Your instructions: Set down the data below without change, skipping the pictures it holds.

Given material:
==============================
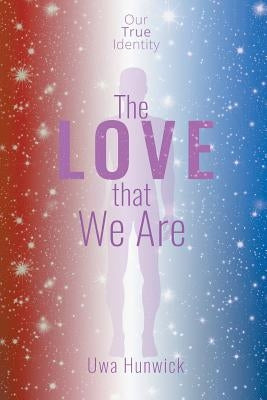 The Love that We Are: Our True Identity by Hunwick, Uwa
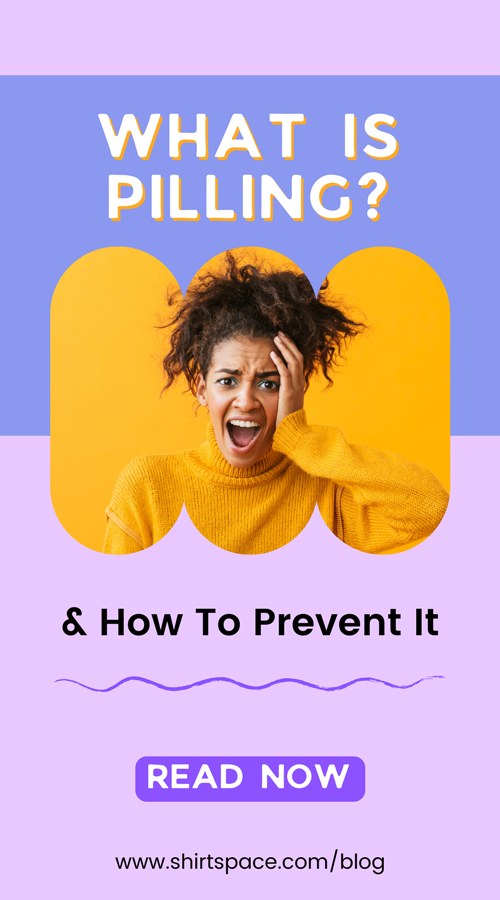 What is Pilling and How to Prevent it.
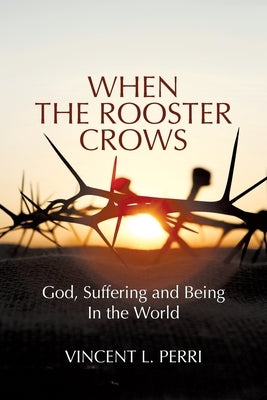 When The Rooster Crows: God, Suffering and Being In the World by Perri, Vincent L.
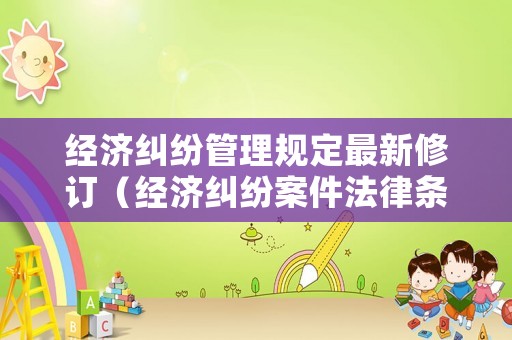 經(jīng)濟糾紛管理規(guī)定最新修訂（經(jīng)濟糾紛案件法律條文）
==============================
Exercise response:
 The Love that We Are: Our True Identity by Hunwick, Uwa
 What is Pilling and How to Prevent it.
 When The Rooster Crows: God, Suffering and Being In the World by Perri, Vincent L.
 經(jīng)濟糾紛管理規(guī)定最新修訂（經(jīng)濟糾紛案件法律條文）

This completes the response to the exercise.